Right, its the index block that really pushes the restart_offsets to
32 bits. And I wanted to leverage code between the multiple block
formats as much as possible, as the structure is similar.

> * I'm a little bit concerned that the structure is fixed to be a one-
> or two-level indexing scheme; i.e., the (optional) index block plus
> the restart index table within a block. This forces (as I understand
> it) the block size to be chosen based on the overall file size to
> prevent the index block from becoming too large, whereas for a
> low-latency local filesystem implementation like SSDs it would
> probably be preferable to set the block size to agree with the page
> size to minimize reads and memory usage.

True... but... in my "android" example repository we have 866,456 live
refs. A block size of 64k needs only 443 blocks, and a 12k index, to
get the file to compress to 28M (vs. 62M packed-refs).

Index records are averaging 28 bytes per block. That gives us room for
about 1955 blocks, or 4,574,700 refs before the index block exceeds

In other words, I'm happy with this. Given my storage is network
attached, by the time I bring in 4k I might as well bring in 64k.
Given that a 64k index lets refs grow 5.2x before I start to see
longer read times to load the index, I'm OK with that.

If you are assuming local attached SSD with a quality kernel (Linux),
I think you can mmap the reftable, and basically nearly about IO
costs. reftable is still more disk friendly for random seeks than pack
idx v2, or v2.

>   So I ask myself whether it might be worthwhile to allow deeper
> levels of indexing. The main index block could divide the namespace
> into as many segments as fit in one block, but if necessary point at a
> second-level index block that further divides the namespace before
> pointing at the ref block that ultimately contains the value. Those of
> us using local SSDs might tune the system to use 4k block sizes
> throughout, basically preferring to read three or even four disjoint
> 4k blocks rather than two disjoint 64k blocks.
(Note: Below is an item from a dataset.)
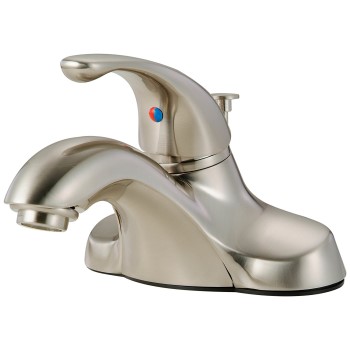 Hardware House  123662 Lavatory Faucet,  Single Handle ~ Satin Nickel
I did consider this, and discarded it as unnecessary complexity. See
some of my discussion above. Nobody is complaining about pack idx
v1/v2 lookup speeds right now, and they are worse to disks.

> * The tuning parameter number_of_restarts currently trades off space
> (for the full refnames and the restart_offsets) against the need to
> read and parse more ref_records to get the full refnames. ISTM that
> this tradeoff could be made less painful by defining a blockwide
> prefix that is omitted from the refnames as used in the restarts. So
> the full refname would change from
>       this_name = prior_name[0..prefix_length] + suffix
>   to
>       this_name = block_prefix + prior_name[0..prefix_length] + suffix
>   I would expect this to allow more frequent restarts at lower space
> cost.

I've been on the fence about the value of this. It makes the search
with restarts more difficult to implement, but does allow shrinking a
handful of very popular prefixes like "refs/" and "refs/pulls/" in
some blocks.

An older format of reftable used only a block_prefix, and could not
get nearly as good compression as too many blocks contained references
with different prefixes.

>   If we are willing to force all reads to consider the indexes, the
> block_prefix could be taken from the index_record that points at it.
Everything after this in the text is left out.